The new version implements new features in the areas of deep learning and matching as well as improvements to the subpixel bar code reader, Deep OCR, and the integrated development environment HDevelop. HALCON 21.05 Progress gives users the benefit of even more robust machine vision processes and improved usability.
- HDevelop usability improvements
HDevelop’s new window docking has been improved. Users have now more options to control the position where floating windows are opened.
- Deep OCR improvements
With HALCON 21.05, the performance and usability of Deep OCR have been improved. Big images are now handled more robustly and the result now contains a list of character candidates with corresponding confidence values, which can be used to further improve the recognition results. Customers also benefit from an overall improved stability as well as from the fact that they can address a wider range of possible applications, thanks to additional character support.
- Deep Learning Framework
HALCON 21.05 introduces a first version of the HALCON Deep Learning Framework. This framework allows experienced users to create their own models within HALCON. With this feature, experts can now realize even the most demanding and highly complex applications in HALCON without having to rely on pretrained networks or third-party frameworks.
- Generic Shape Matching
HALCON 21.05 introduces Generic Shape Matching, which makes MVTec's industry-proven shape matching technologies even more user-friendly and future proof. By significantly reducing the number of required operators, users can now implement their solution much faster and a lot easier. Moreover, thanks to the unification of HALCON’s different shape matching methods into a single set of operators, users can now integrate new shape-matching-related features more smoothly.
- Subpixel bar code reader improvements
HALCON’s subpixel bar code reader is capable of reading codes with very thin bars. In HALCON 21.05, the subpixel bar code reader has been improved regarding low-resolved codes. The decoding rate for those can now increase up to 50%.
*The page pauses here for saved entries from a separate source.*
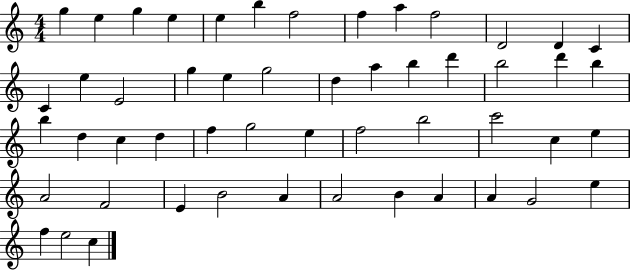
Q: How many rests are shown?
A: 0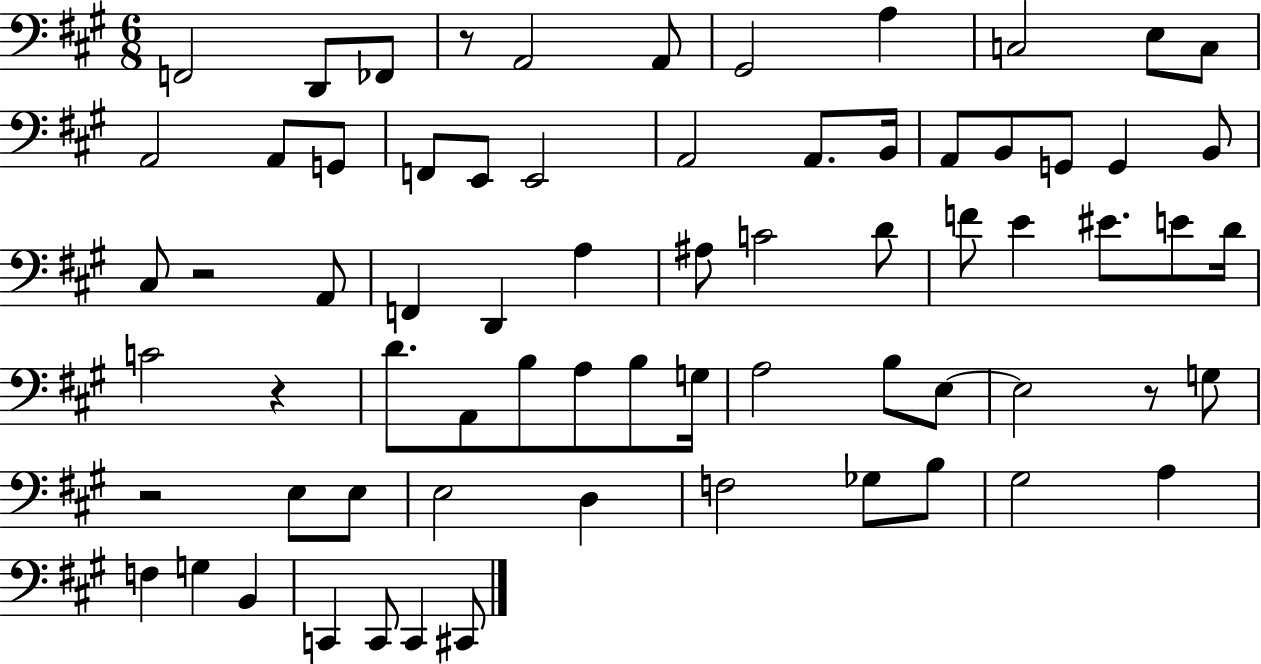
F2/h D2/e FES2/e R/e A2/h A2/e G#2/h A3/q C3/h E3/e C3/e A2/h A2/e G2/e F2/e E2/e E2/h A2/h A2/e. B2/s A2/e B2/e G2/e G2/q B2/e C#3/e R/h A2/e F2/q D2/q A3/q A#3/e C4/h D4/e F4/e E4/q EIS4/e. E4/e D4/s C4/h R/q D4/e. A2/e B3/e A3/e B3/e G3/s A3/h B3/e E3/e E3/h R/e G3/e R/h E3/e E3/e E3/h D3/q F3/h Gb3/e B3/e G#3/h A3/q F3/q G3/q B2/q C2/q C2/e C2/q C#2/e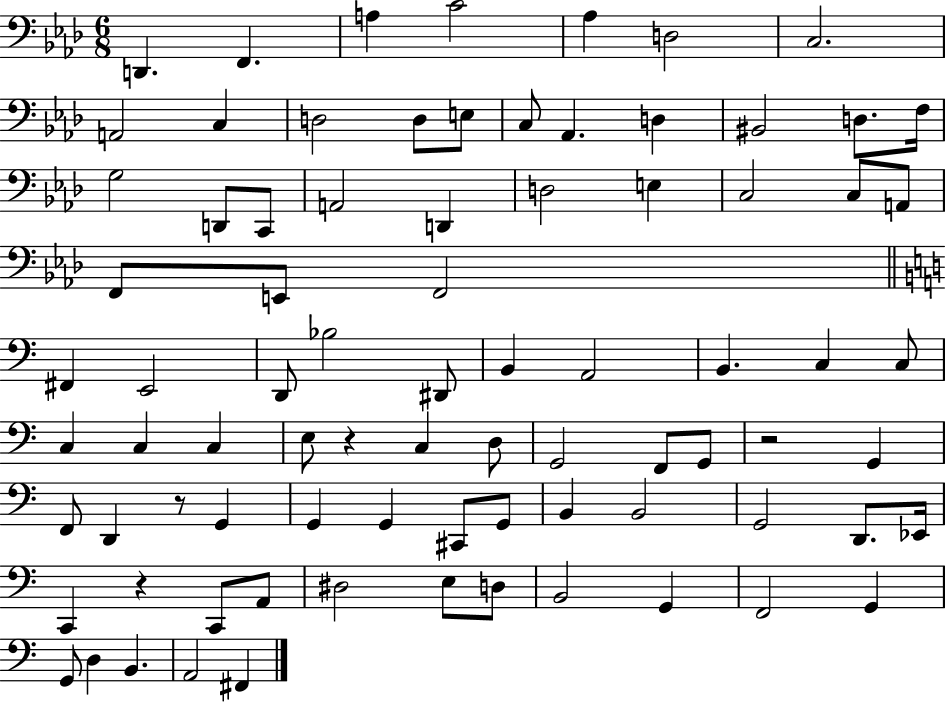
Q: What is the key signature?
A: AES major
- Improvements of basic operators in 2d and 3d for fast and robust preprocessing
3D point cloud sampling now supports a new mode called “furthest point”, which typically results in a more uniform sampling of a 3D object. The user sets the number of output points and then iteratively adds to the output object the point of the input object that is furthest from all points already added to the output model. The furthest point mode usually allows a reasonably uniform sampling. The 3D point cloud smoothing has been extended by a new mode that uses information from the XYZ-mappings. 3D point cloud smoothing can be used as a preprocessing step to smooth point clouds and remove noise. This mode usually leads to a much faster processing time.
Further improvements in HALCON 21.05 include general speedups of basic image operators.